I’ve been loving my new job, but so exhausted lately that I’ve been falling behind on my blog posts. But I hate being flaky.  I don’t want to slack off, so it’s important to me that I keep this up regularly.  Not being a flake is part of my personal “code of conduct”, but also is being honest, so I am going to say right here that I am pulling this code of ethics from my capoeira group.

Not that I would lie about where I got it. I pretty much can’t lie about anything.  When I was five, I once stole a roll of lifesavers from Gemco (look that one up kiddies–it was basically what Target is now), and I freaked out so much that after I did it I was convinced I was going to hell.
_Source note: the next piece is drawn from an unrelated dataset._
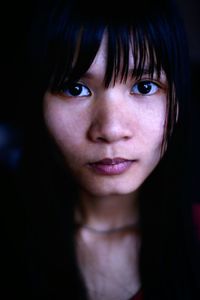 Portrait of young woman with bangs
To avoid eternal damnation, I confessed to the priest at our church, but in the end I only had to say about five “Hail Marys” and three “Our Fathers” and all was forgiven.

Well, somewhere along the line I learned to have some morals. And respect is a huge part of it.  It’s probably why my capoeira group appealed to me so much (insert “oh jeez, she’s talking about that again”, but it’s true!).  They’ve got a code of ethics, which makes me respect the group all the more. I find myself turning back to this often and finding that it fits very well into my life, so I will just post it here:

Respect: Maintain respect for ourselves, each other, our ever-evolving capoeira community, the training space we share, and the art that we practice together.

Freedom: Create a safe space to express ourselves as the unique individuals we are.

Equality: Acknowledge everyone’s contribution as valuable. Never underestimate anyone – especially yourself.

Integrity: Be fair, impartial, and true to our word. Don’t cheat ourselves or others. Admit when we are wrong and strive to make it right.

Leadership: Serve as positive role models, both inside the studio while training and outside of the studio as community representatives of ABADÁ. Offer help when we can give it and ask for help when we need it. Hold ourselves and each other accountable for our actions.

Community: Share experiences – both hard and easy, fun and frustrating, painful and pleasurable. Foster a sense of belonging, camaraderie, and wonder. Extend our skills, knowledge, friendship and time. Act for the betterment of the whole.

Education: Seek to understand and honor the rich traditions of capoeira. Choose to expand our knowledge and to take advantage of opportunities presented to us.

Strength: Commit to challenges. Push physical, mental, emotional, and spiritual limitations, building stronger bodies, minds, and souls. Approach fear and challenges as opportunities for growth, remembering that failure is a benchmark for future success, and achieved goals are marks of success to celebrate and benchmarks to exceed.

I look at these often as they apply to my life inside and outside of capoeira, and they don’t fail me in either space.  Even when I may “fail” in the sense of not meeting a goal, I never feel like I fail if I give it my best and do it according to my beliefs.